Mecklenburg, 1991: Hauptkommissar Grothe wird aus Hamburg zurückbeordert in seine Heimat und versieht als Aufbauhelfer Ost nun seinen Dienst in der Polizeiwache Wechtershagen. Der Bootsverleiher Siegmar Eck beklagt sich, verfolgt zu werden, zwei Tage später wird er tot am örtlichen See gefunden. Ertrunken, lautet die rasche Lösung des Falles, aber die Tatsache, dass Eck ein hervorragender Schwimmer war, lässt Grothes Bauchgefühl anderes vermelden. Rasch ist der Kommissar verstrickt in ein Netz aus Schweigen und Intrigen.

Hervorragend fängt Susanne Tägder das Flair der ehemaligen DDR ein, mit Frau Schulte, einer Tüte Schrippen, Plastebeutel und Nierentisch findet man sich als Leser sofort im Osten der beginnenden 1990er-Jahre wieder, in der Zeit kurz nach der Wiedervereinigung, welche geprägt ist von Entwurzelung, Misstrauen und Verunsicherung. Durch kluge Charakterisierung zeigen sich diese Merkmale in den handelnden Figuren, wodurch eine gewisse Düsternis und Fremdheit in der eigenen Heimat entsteht. Wie nebenbei fließt der Kriminalfall ins Geschehen ein, basierend auf einer wahren Begebenheit im Jahre 1979 in einem mecklenburgischen Dorf. Die Ermittlungen sind höchst interessant, fast noch faszinierender sind jedoch die Informationen zu Politik und persönlichen Schicksalen, welche nicht nur Hauptkommissar Grothe prägen.

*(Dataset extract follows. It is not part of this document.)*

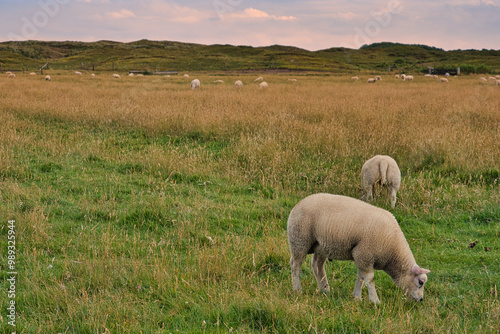 flock of sheep grazing at dusk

Ohne große Ausschweifungen konzentriert sich Tägder auf Wesentliches, beschreibt Gefühle und Stimmungen kurz und prägnant, ja beschränkt sich teilweise überhaupt nur auf Andeutungen, die die Hintergründe knapp ausleuchten. Die exakte Recherche zu Örtlichkeit und Zeit spürt man in jeder Zeile der Autorin, dass ihre Familie aus der Gegend des fiktiven Krimis stammt, trägt nicht unwesentlich zur Authentizität bei. Diesbezüglich gefällt mir das Interview mit Susanne Tägder zu Beginn des Buches sehr gut, es passt perfekt als Einstimmung.

Als Erzählzeit wird das Präsens gewählt, wodurch eine ganz besondere Atmosphäre entsteht, der Leser spürt die Enge des Ostens, eine gewisse Bedrücktheit und Distanziertheit, die sich auch auf die Ermittlungstätigkeit erstreckt. Ohne Grothes Hartnäckigkeit wäre der Tod des Bootsverleihers längst als Unfall zu den Akten gewandert, so jedoch entwickeln sich interessante, wenn auch eher träge dahin dümpelde Nachforschungen, die schlussendlich auch zu einem logischen Ergebnis führen.

Fazit: ein Kriminalroman, der vor allem durch den Schreibstil und durch die atmosphärischen Szenen punkten kann.